(Provided material)
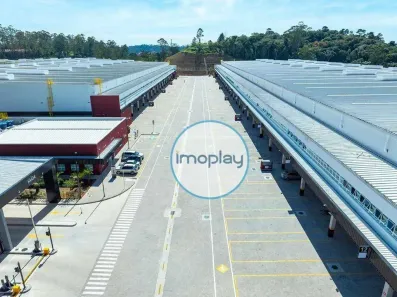 Galpão/Depósito/Armazém para alugar, 2835m² no Quinhaú, Embu das Artes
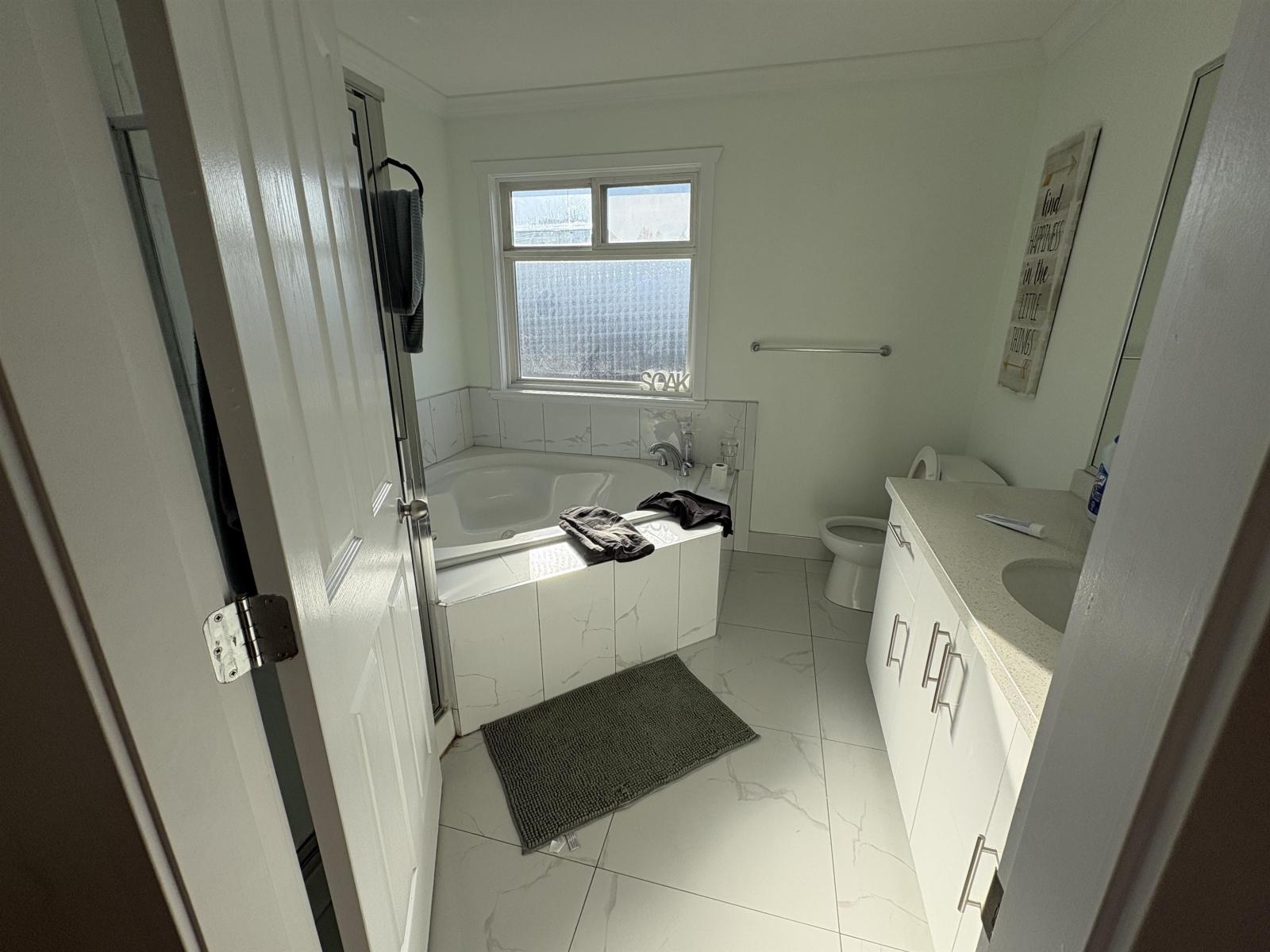 18048 64 Avenue, Surrey, British Columbia  V3S 1Z5 - Photo 9 - R3092176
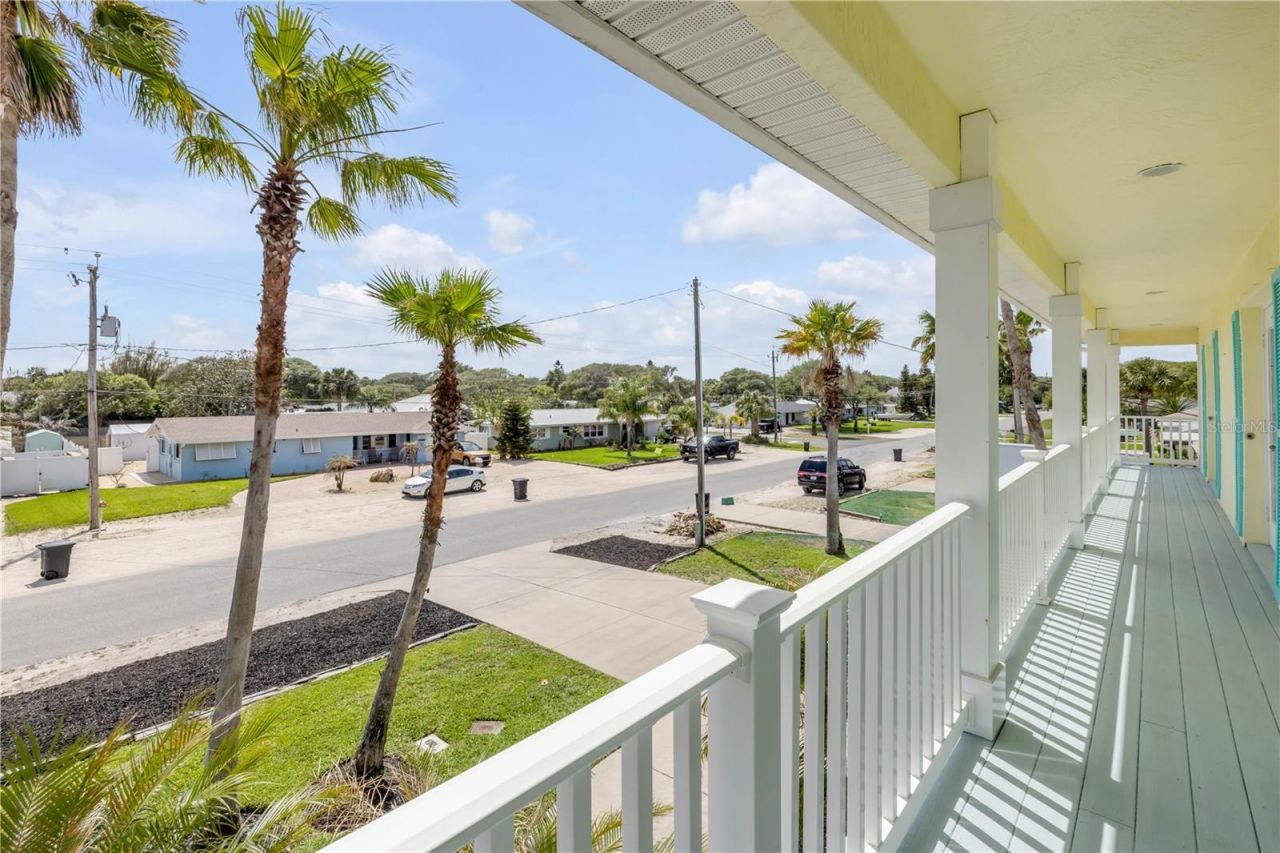 708 Ocean Avenue, New Smyrna Beach, FL 32169 Photo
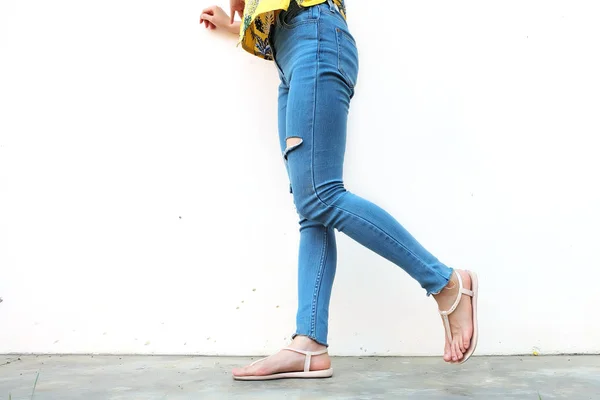 Yaz Moda Çıplak Sandal Ayakkabı Kentin Street Style Ince Bacakları — Stok fotoğraf
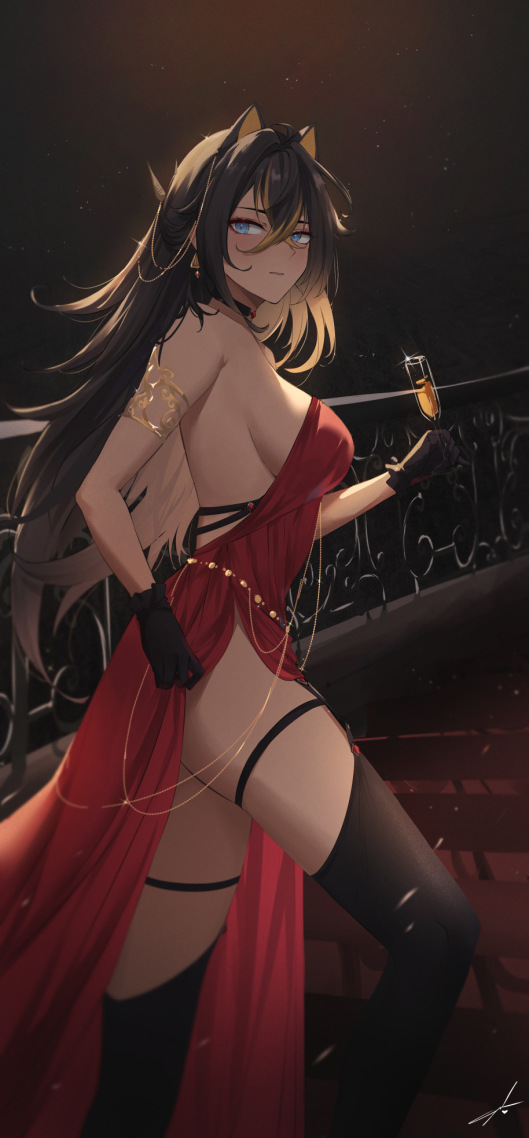 紅裙御姐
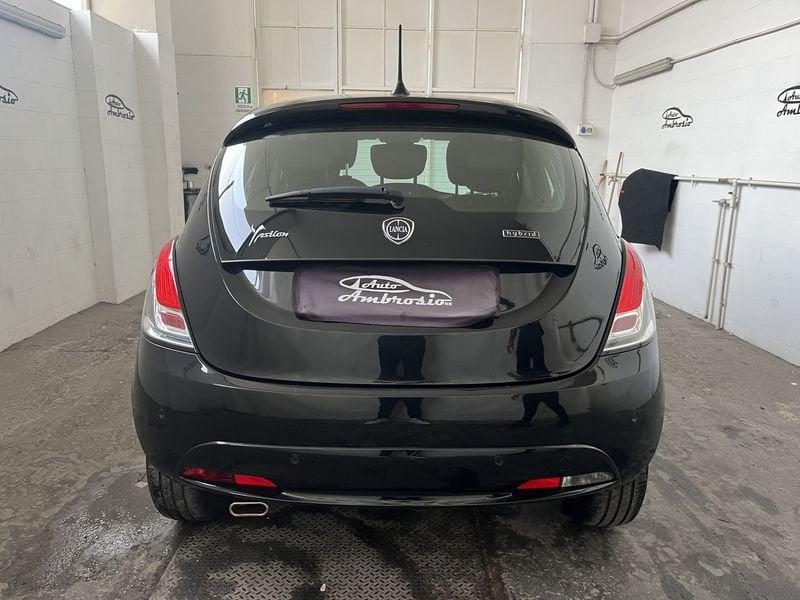 Lancia Ypsilon 1.0 FireFly 5 porte S&S Hybrid Gold Plus da 145,00 al mese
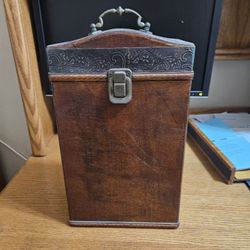 Wood Tool Box Vintage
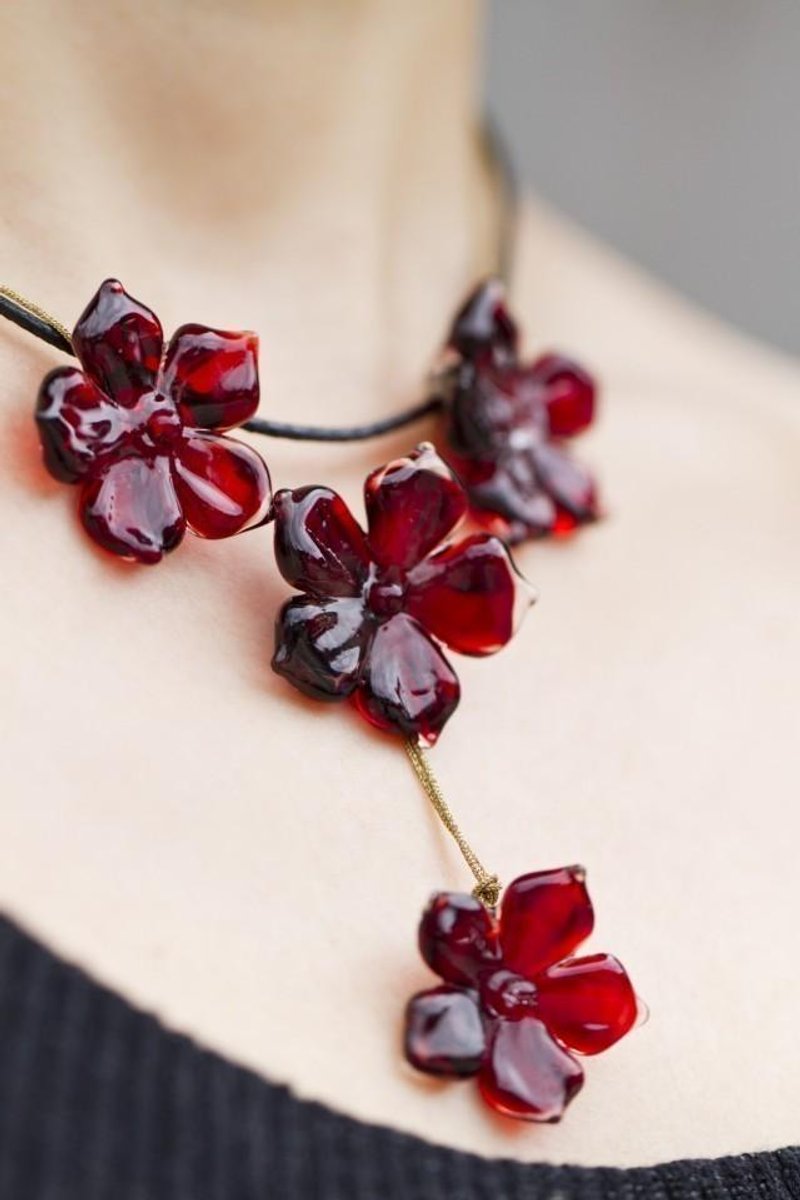 red flowers necklace - 项链 - 玻璃 红色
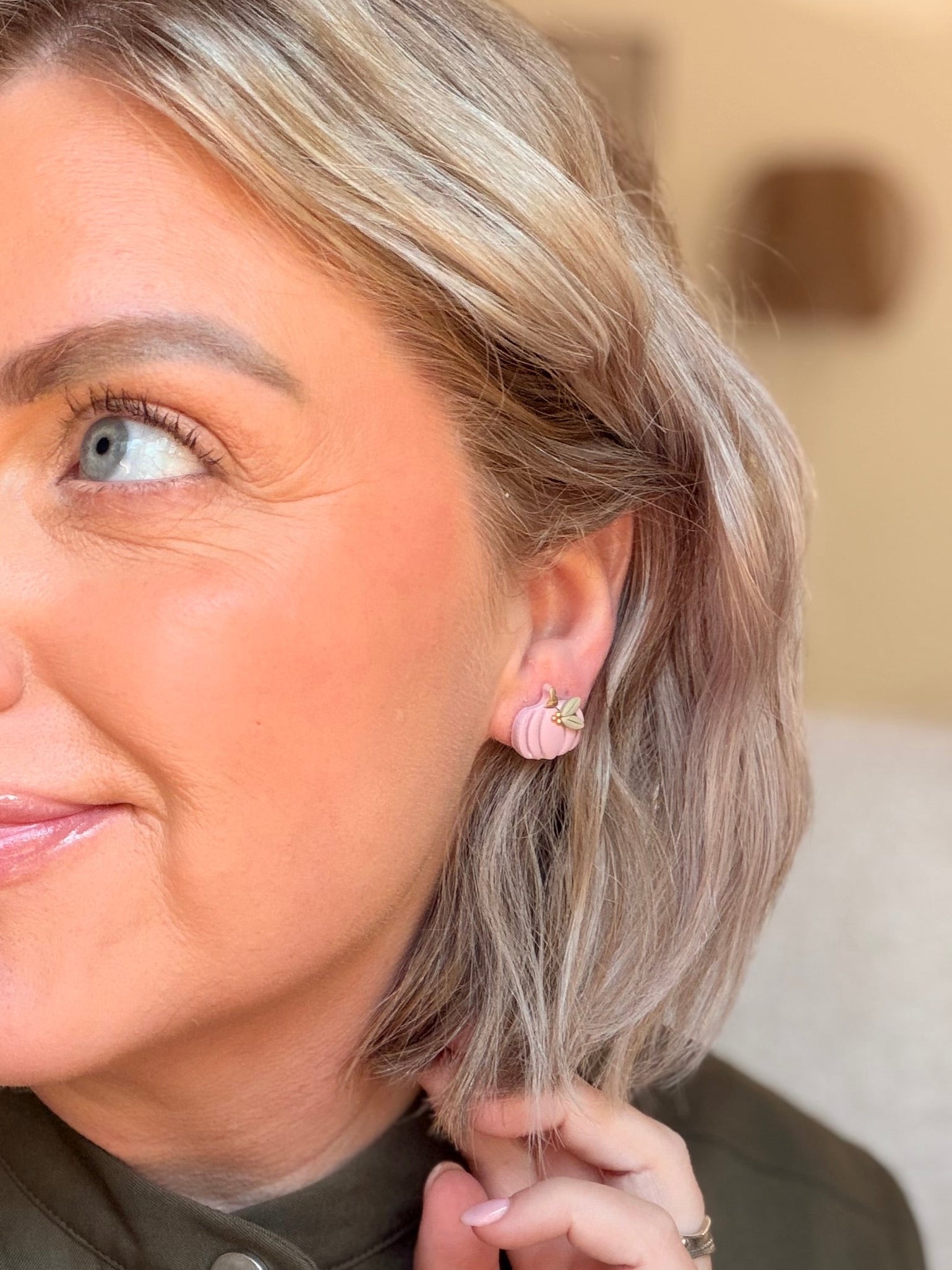 Pumpkin Studs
(End Provided material)
Exercise prompt:
Without the pictures, retype each line of the records above exactly.

Result below:
 Galpão/Depósito/Armazém para alugar, 2835m² no Quinhaú, Embu das Artes
 18048 64 Avenue, Surrey, British Columbia  V3S 1Z5 - Photo 9 - R3092176
 708 Ocean Avenue, New Smyrna Beach, FL 32169 Photo
 Yaz Moda Çıplak Sandal Ayakkabı Kentin Street Style Ince Bacakları — Stok fotoğraf
 紅裙御姐
 Lancia Ypsilon 1.0 FireFly 5 porte S&S Hybrid Gold Plus da 145,00 al mese
 Wood Tool Box Vintage
 red flowers necklace - 项链 - 玻璃 红色
 Pumpkin Studs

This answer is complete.